Your goal:
Extract the line that contains "Девушка - оригинал" and every line after it through the end of the records below, exactly as written, leaving out any pictures.

Saved entries:
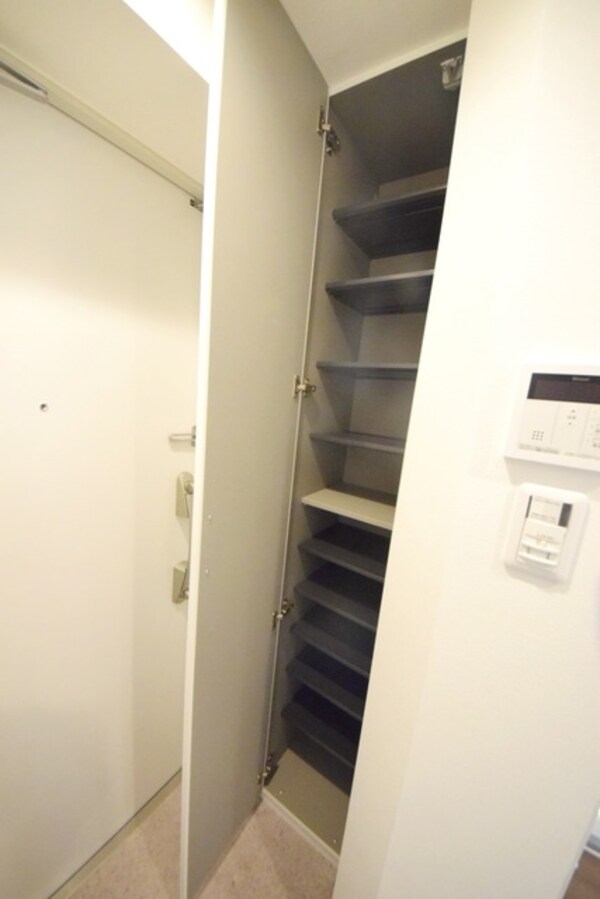 設備(シューズボックス)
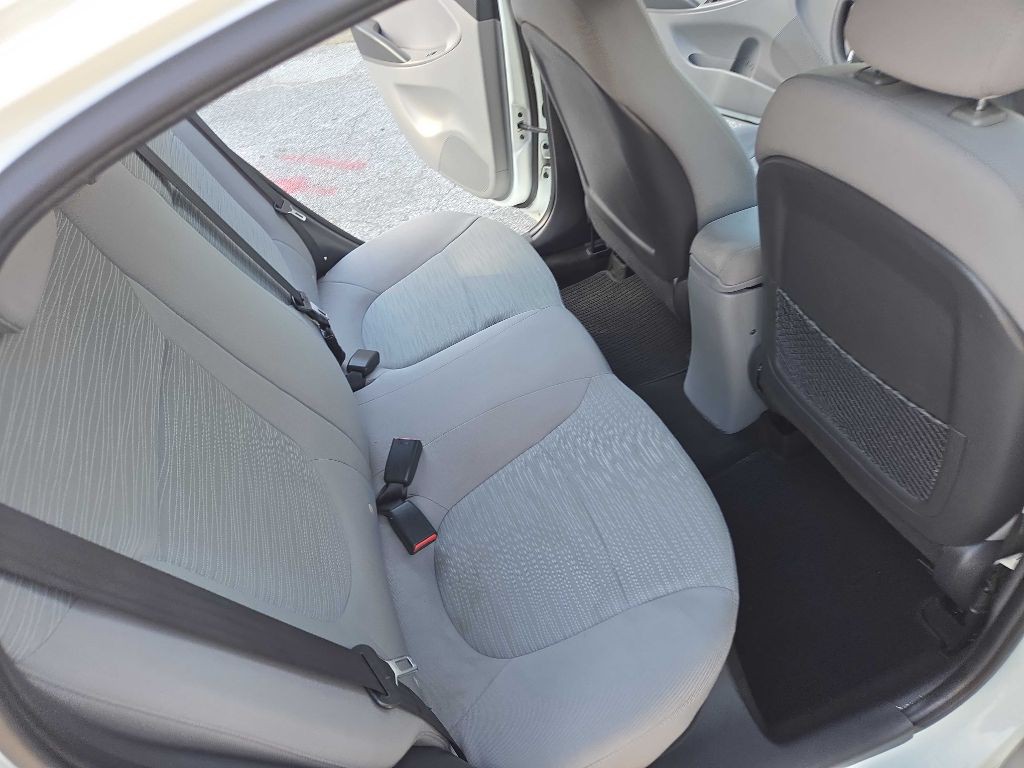 2016 Hyundai Accent Image 20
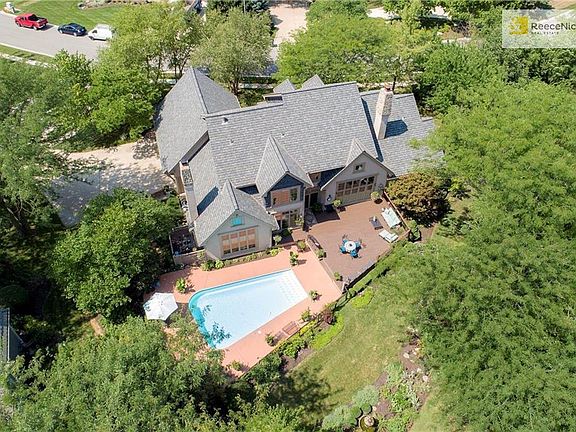 Perfect for entertaining or just relaxing your own private pool complete with gracious sized deck and limited steps from house to amenity.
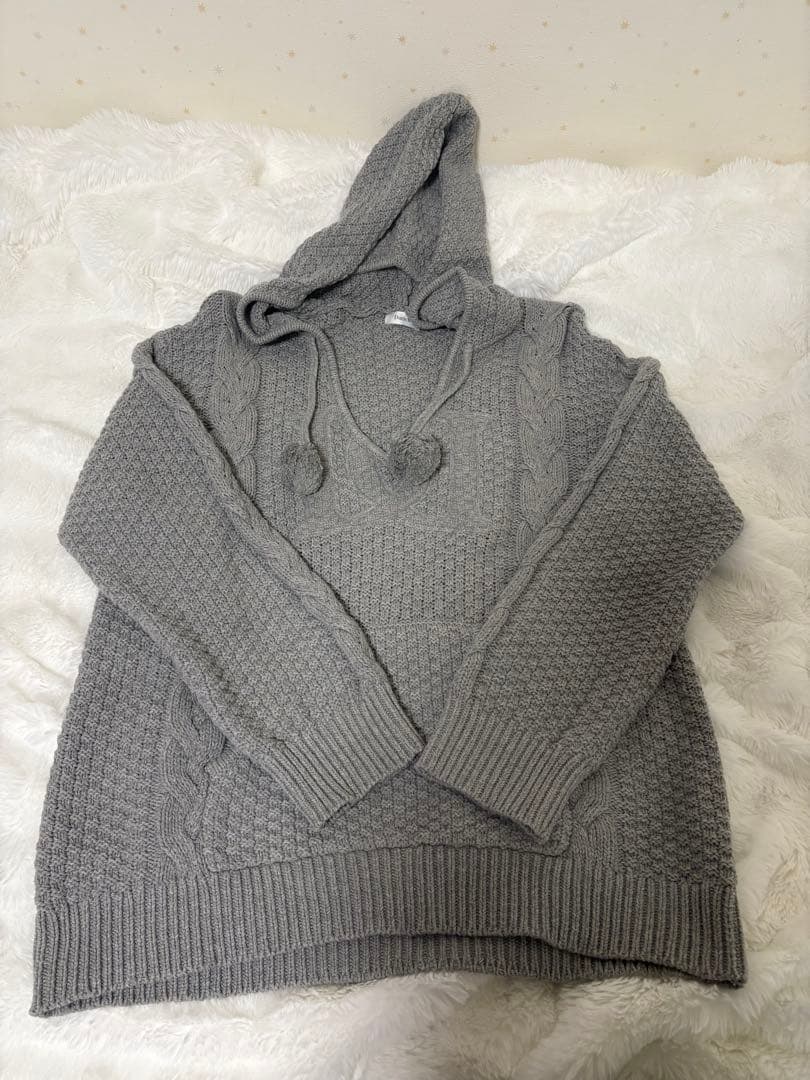 ダーリッチ　ケーブルDDロゴVネックニットフーディ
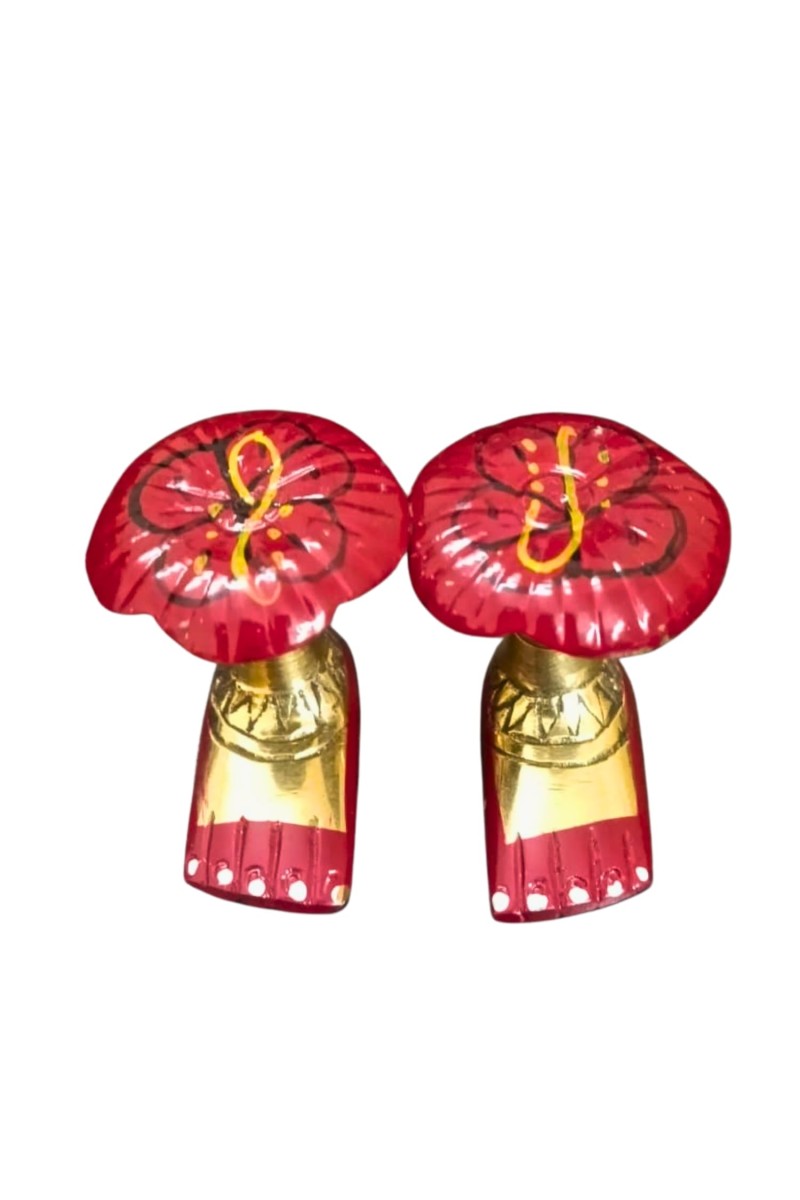 Traditional Brass Charan Paduka Set with Plate | Auspicious Puja Item for Mandir, Worship & Religious Rituals Home Temple, Puja & Spiritual Decor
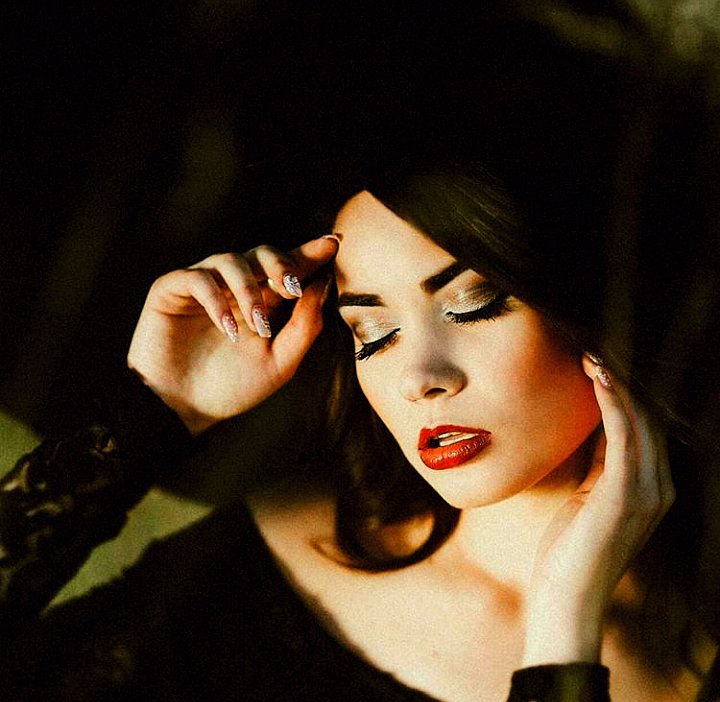 Девушка - оригинал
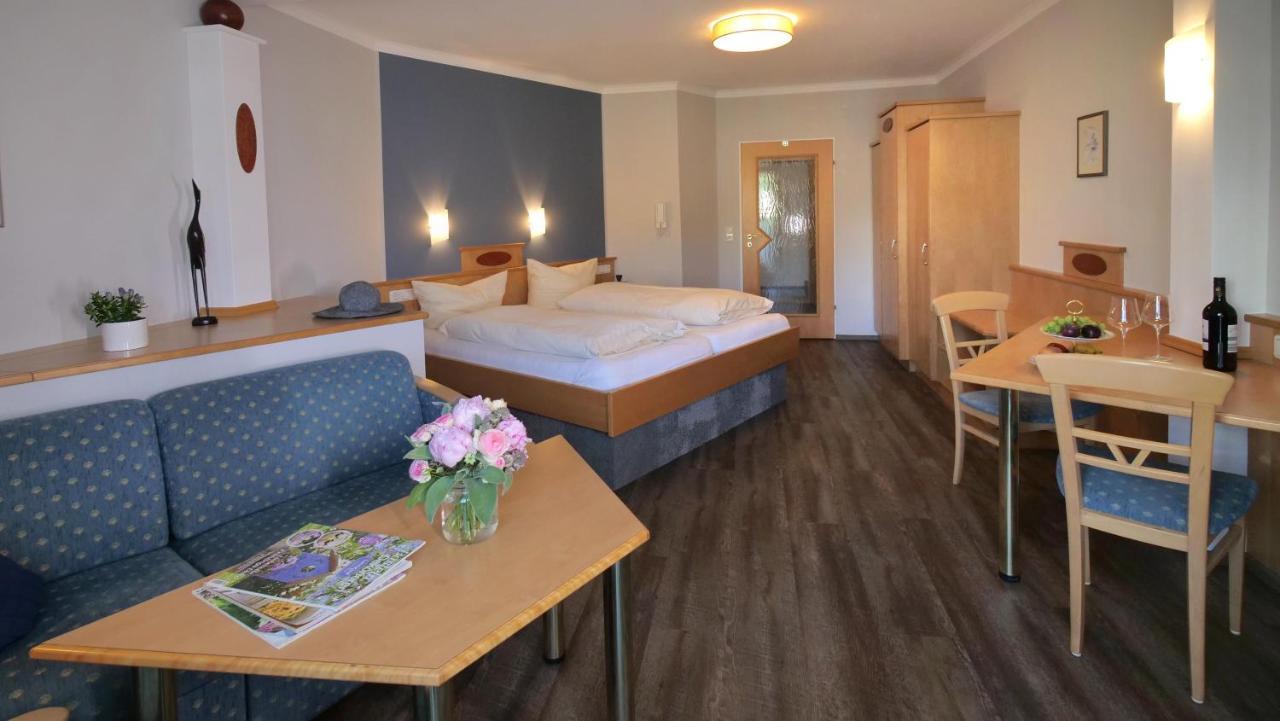 Erlkoenig Gaesteappartements Bad Fussing Bagian luar foto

Solution below:
 Девушка - оригинал
 Erlkoenig Gaesteappartements Bad Fussing Bagian luar foto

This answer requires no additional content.